In September 2011, Bridget crossed the border from Congo to take up a teaching position with New Creation Ministries in Kigali, Rwanda. Here she is responsible for a variety of English courses: general English to adults in the English for Study and Service courses, English to pastors in the Pastors’ Training School and academic English at the Christian Leadership Institute of Rwanda (CLIR). At CLIR, Bridget ensures that the students’ level of English is adequate for studying at degree level.
Rwanda Since the genocide of 1994-95, restoring, restructuring and privatising the economy have been the emphasis of the last decade. The government has made great strides to excise ethnicity from politics and society. It has full freedom of religion, with 89% of the population identifying themselves with Christianity.
Since 1980 she has had a multi-faceted experience of teaching in Africa: teaching missionaries’ children at Rethy Academy and secondary school pupils at Institut Luru, working as a school advisor for the CECA-20 (AIM’s partner church in Zaire/DR Congo) schools in the north-eastern region of Zaire, and latterly preparing secondary school trainee teachers at Institut Supérieur Pédagogique CECA/20 in the newly-named Congo.
Evacuation from Zaire led to teaching in Nairobi, administration in the AIM France office and five years of administration at the International Office in Bristol. This wide experience of AIM ministry provides a suitable backcloth for the added responsibility of serving as AIM Rwanda Unit Leader.
Could you partner with Bridget in this work?
Partner with Bridget Howard
Bridget teaches English to adults in conjunction with New Creation Ministries in Kigali, Rwanda and is also Unit Leader for Rwanda.
If you would like to partner with Bridget in your prayers, gifts and practical support, please download and complete this form and return to Freepost RTJH-JRZE-XXKX Africa Inland Mission, Halifax Place, Nottingham NG1 1QN.

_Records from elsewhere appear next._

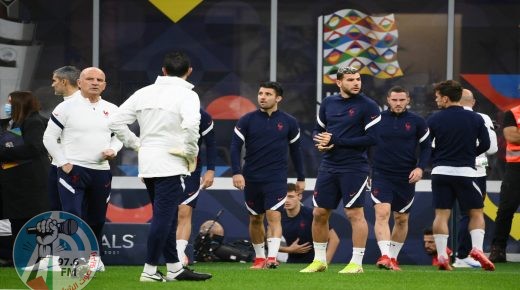 France's assistant coach Guy Stephan (L), France's defender Leo Dubois (C) and France's defender Lucas Hernandez (R) arrive for a training session at the San Siro Stadium in Milan on October 9, 2021, on the eve of the UEFA Nations League final football match between Spain and France. (Photo by FRANCK FIFE / AFP)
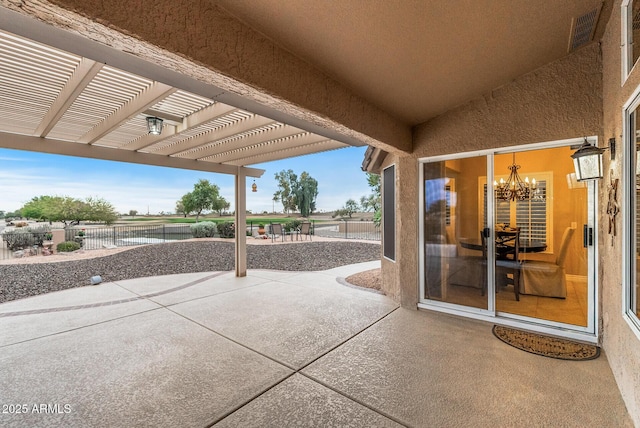 view of patio featuring a pergola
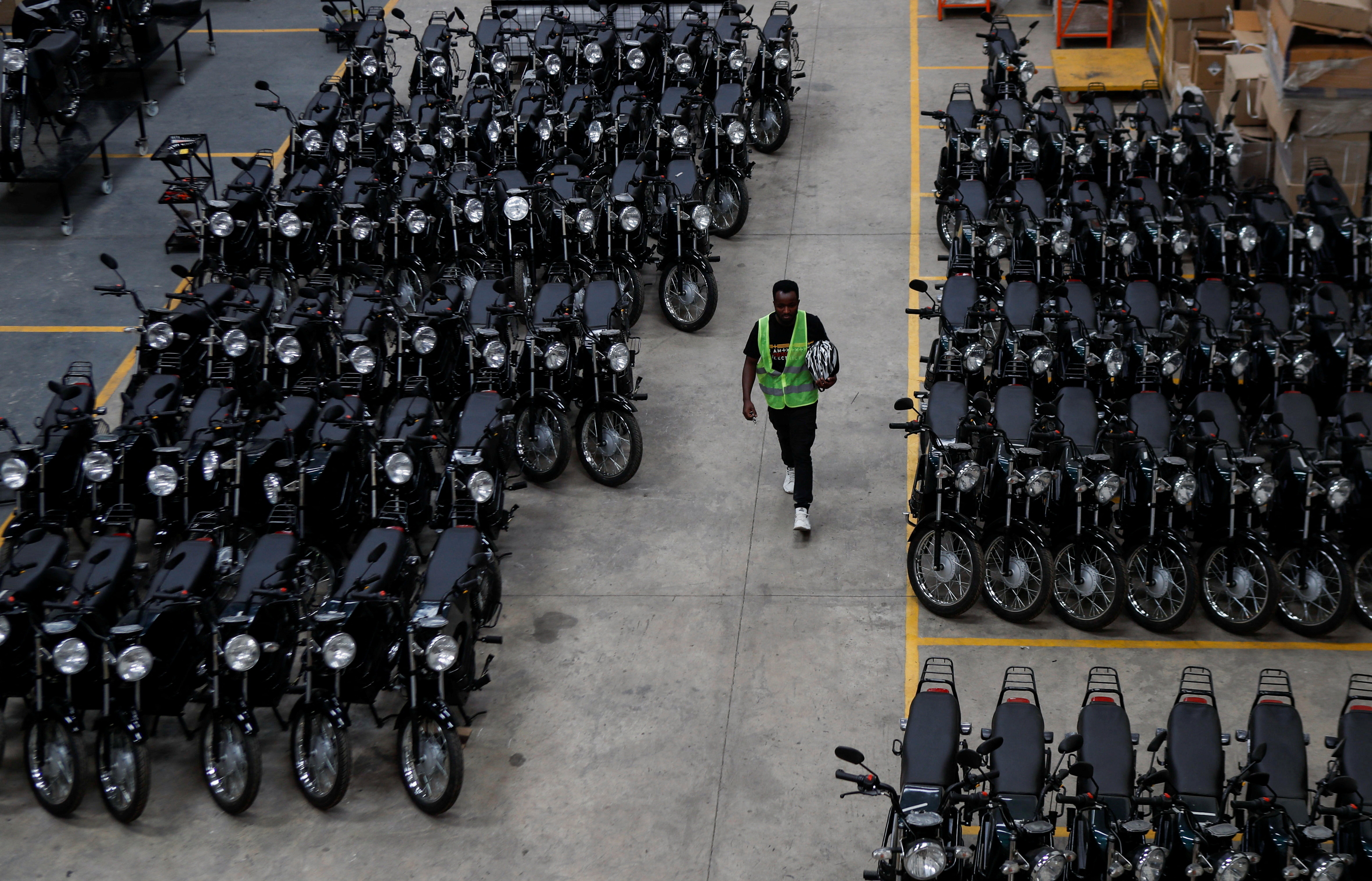 A worker walks next to assembled electric motorcycles at ARC Ride's warehouse in Industrial Area, Nairobi, Kenya November 2, 2022. REUTERS/Monicah Mwangi
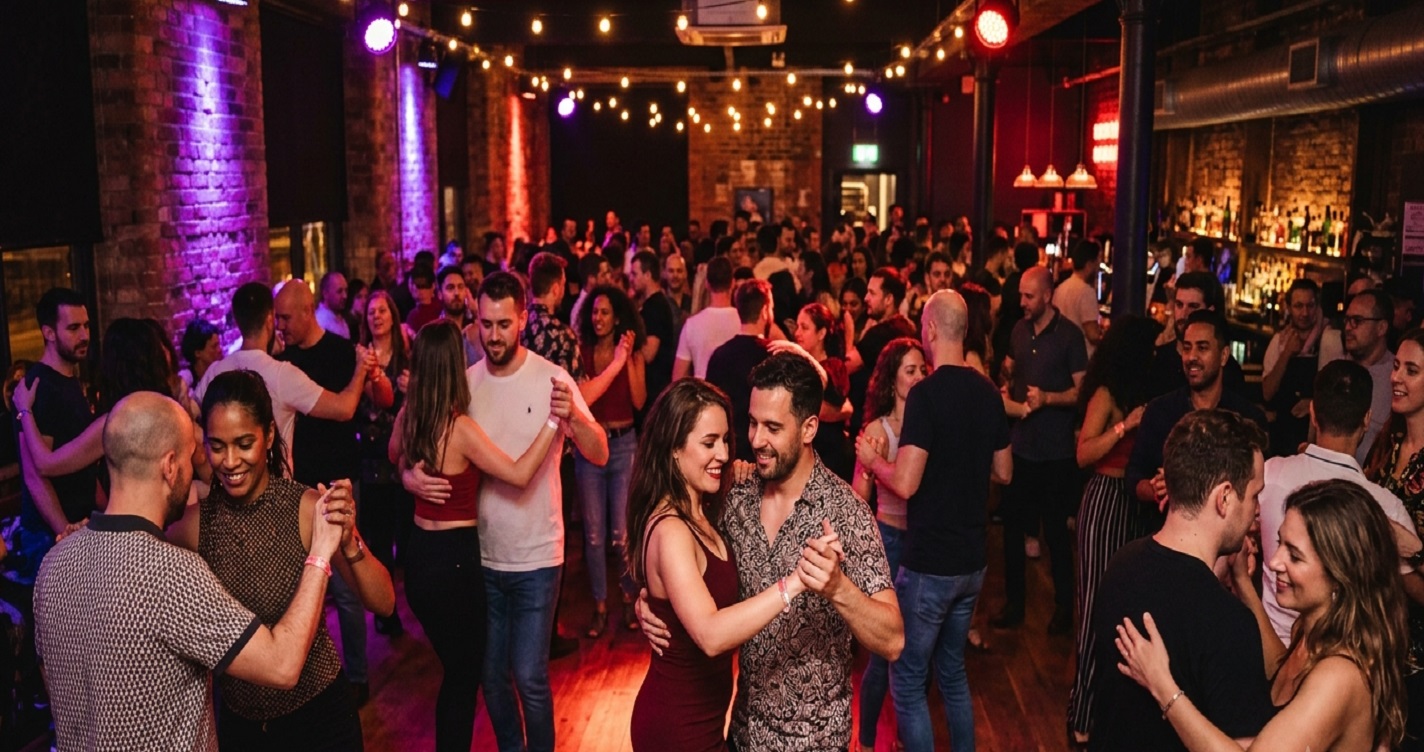 Couples dancing Bachata Sensual in a vibrant, atmospheric Manchester Latin dance club with deep neon lighting - Floridita Dance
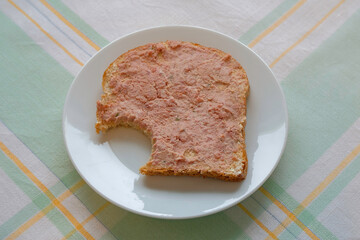 slice of bread with liver pate that has been eaten a bit off on a white plate on an old tablecloth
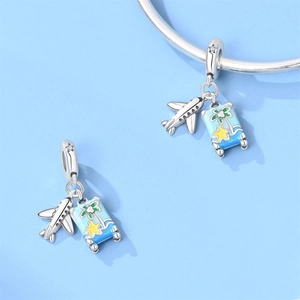 Detail of silver travel charms featuring miniature airplanes and tropical enamel pendants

For any queries, please email: firstname.lastname@example.org
Latest prayer points
- 19 January 2018
“As I begin 2018, I feel very much like [I am] training my eyes on a distant spot – my future. This should be my last year on-field before I take home assignment and then retire from active service. But when do I leave Rwanda? At the end of the year when it’s likely to be cold and drear in an English winter? Or do I wait until my visa expires early 2019 when it will be springtime? Who will replace me as a teacher for the English classes at NCM? Who will replace me as AIM Unit leader? What about the AIM Unit? Packing up the house, terminating employees’ contracts? Where will I live? What will I do? Experience has taught me that I can’t sit in some safe place and work it out on paper; I have to walk it out day by day trusting that ‘he who is able to do immeasurably more than all we ask or image’ and who ‘works for the good of those who love him, who have been called according to his purpose’ will guide my steps and meet my needs. Thank you for journeying with me in 2018 and praying with me to know the good, perfect, acceptable will of God.”
- 24 November 2017
“we had a full week at the end of October when leadership personnel from the AIM Central Region office came to visit. They were able to see us in our ministry locations and meet with partner organisations. They made suggestions of potential ministries and ideas of how to mobilise local church members for mission. We are thinking through the implications of this and writing personnel requests and praying for personnel.”
- 25 August 2017
“The week before I went to [the AIM Conference in] Kampala the 4th year pastors were at NCM accompanied by their wives – the usual practice for the graduating class – to treat the subjects of family life, conflict resolution in marriage and the role of a pastor’s wife. As usual the men were smartly dressed in the company of their wives. I return after the departure of the wives to find the men back to T-shirts and flipflops! And I’m straight back into teaching their English module, teaching extra hours to make up for the missed lessons last week. I returned to more contrast. Dominique, my night guard, had news of the birth of a sixth child but the baby died a couple of days after birth. Gilbert, my day worker, had happy news of the birth of a second daughter. We mourn and rejoice at the same time…Many of you have journeyed with me during all these years. Thank you. And God journeys with us all the days of our lives. The words of Psalm 71:17-18 express my testimony and prayer. God is good all the time; all the time God is good.”